Hamburg. Das NDR Elbphilharmonie Orchester ändert für Jacques Offenbachs Operette mal eben seine Jobbeschreibung. Und siehe da: Es funktioniert.

Das Schlimmste ist Langeweile. Und Eurydike ist schnell gelangweilt. Dann macht die Schöne eine Schnute und wünscht sich woandershin, speziell in die Arme ihres Liebhabers Aristeus. Nur ist der ein anderer, als er zu sein vorgibt. Seine zweite Identität: Pluto, Hüter der Unterwelt.

Moment mal, Eurydike, ist das nicht die Frau von Orpheus? Dem, der mit seinem Gesang sogar die Götter rührte? Richtig, das ist der eigentliche Mythos. An diesem Abend läuft im Großen Saal der Elbphilharmonie aber Jacques Offenbachs Operette „Orphée aux enfers“.

NDR Elbphilharmonie Orchester ändert für „Orphée aux enfers“ seine Jobbeschreibung

2023 mag für die Welt ein furchtbares Jahr gewesen sein. Wie zum Trotz setzt das Konzerthaus die Tradition fort und frönt zum Jahreswechsel an drei Abenden hintereinander der leichten Muse. Marc Minkowski dirigiert zwölf Sänger und Sängerinnen, das NDR Vokalensemble und das NDR Elbphilharmonie Orchester, das für die Produktion mal eben seine Jobbeschreibung von Sinfoniekonzert zu Musiktheater ändert.
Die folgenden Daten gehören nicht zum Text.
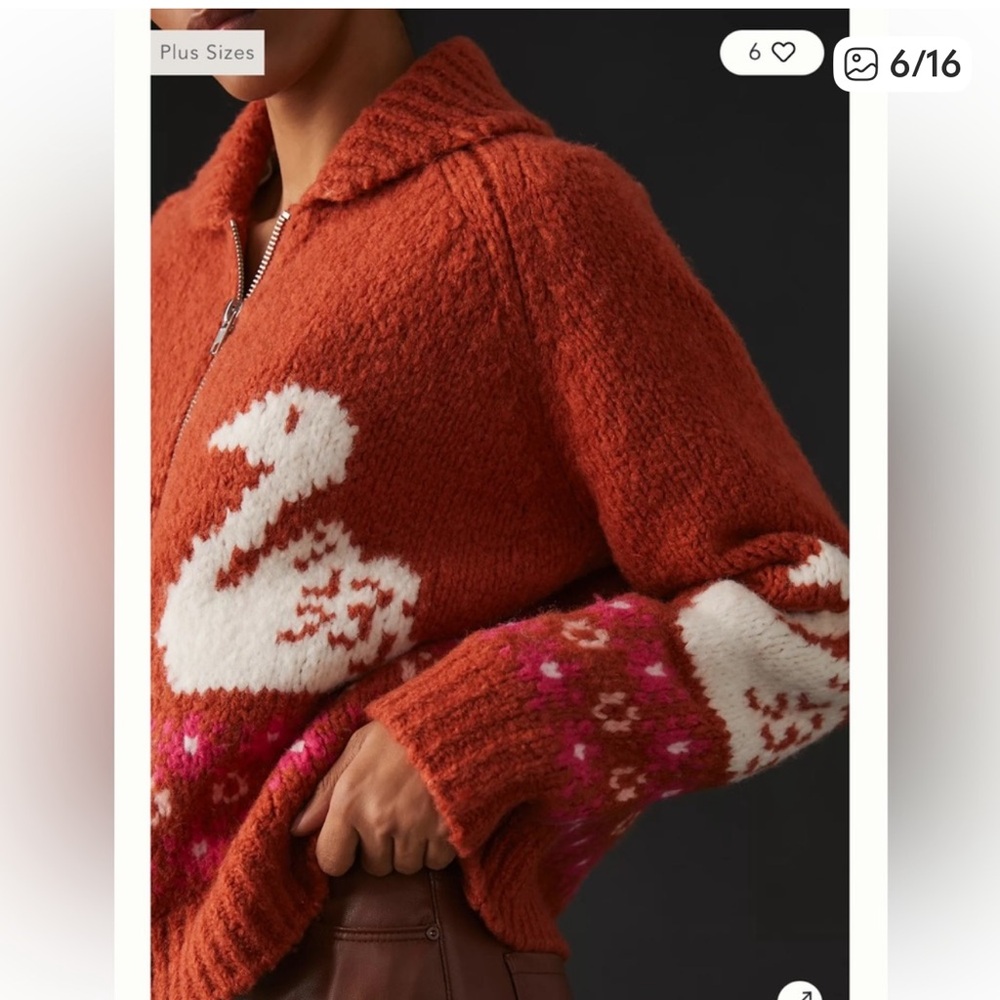 Anthropologie Maeve Rust Orange Swan Open Knit Wool Blend Zip Up Sweater, XS - Picture 4 of 14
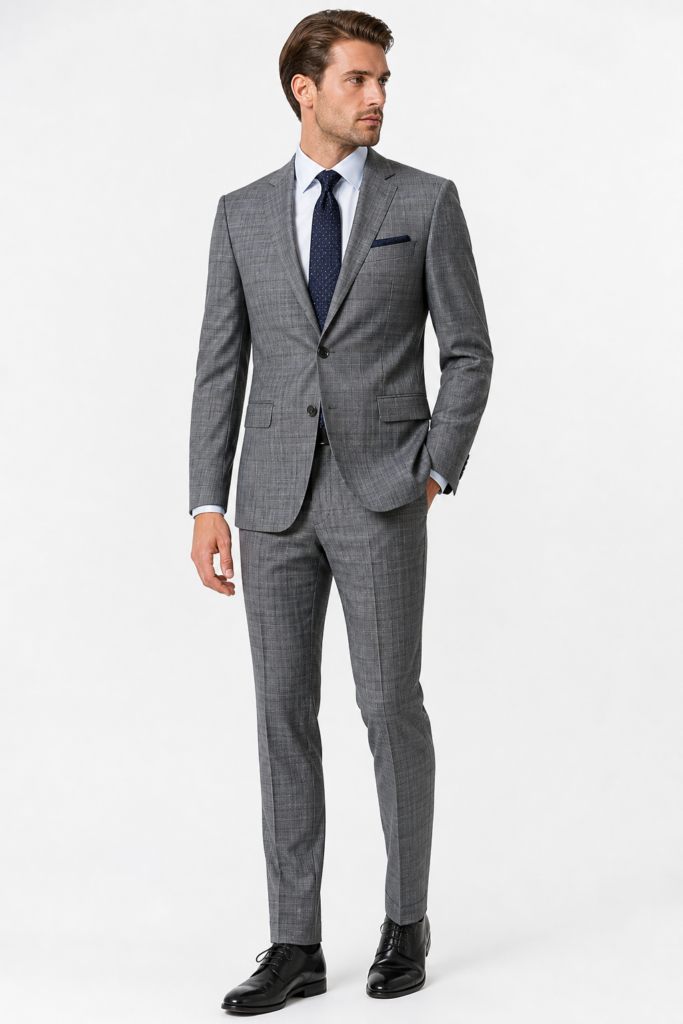Ekose Desenli Slim Fit Takım Elbise - Gri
Das Erstaunliche: Es funktioniert. Minkowski ist hierzulande als Spezialist für historische Aufführungspraxis bekannt, für das Operettenfach eher nicht. Aber der Mann ist Franzose. Und das hört man von den ersten Tönen der Ouvertüre an. Man hört es am duftigen, zugleich dunkel timbrierten Streichersound, man merkt es an den überaus biegsamen Tempoänderungen.

„Orphée aux enfers“ in der Elbphilharmonie: Minkowski beweist stilistisches Gespür

Die Genauigkeit, die der Dirigent Offenbachs Tonsprache angedeihen lässt, die Liebe, mit der er die Themen formt und die komischen Effekte herausholt – etwa zwei demonstrativ plumpe Paukenschläge am Ende einer sanften Phrase –, verraten dann doch das geübte stilistische Gespür. Minkowski nimmt das freche Tschingderassabumm genauso ernst wie die Galanterie höfischer Barockmusik.

Der Orpheus-Mythos ist unzählige Male vertont worden, am berühmtesten ist die Oper von Gluck. Wer kennt nicht die herzzerreißende Geschichte: Die sonst nicht besonders mitfühlenden griechischen Götter machen für den Sänger eine Ausnahme, er darf Eurydike aus dem Totenreich zurückholen. Allerdings nicht ohne den auf dem Olymp üblichen Haken im Kleingedruckten. Orpheus darf sich auf dem Rückweg nicht nach Eurydike umdrehen, sonst muss sie endgültig im Reich des Todes bleiben. Er hält sich auch dran. Aber sie kennt den Deal ja nicht und zweifelt und drängelt so lange, bis er doch nachgibt.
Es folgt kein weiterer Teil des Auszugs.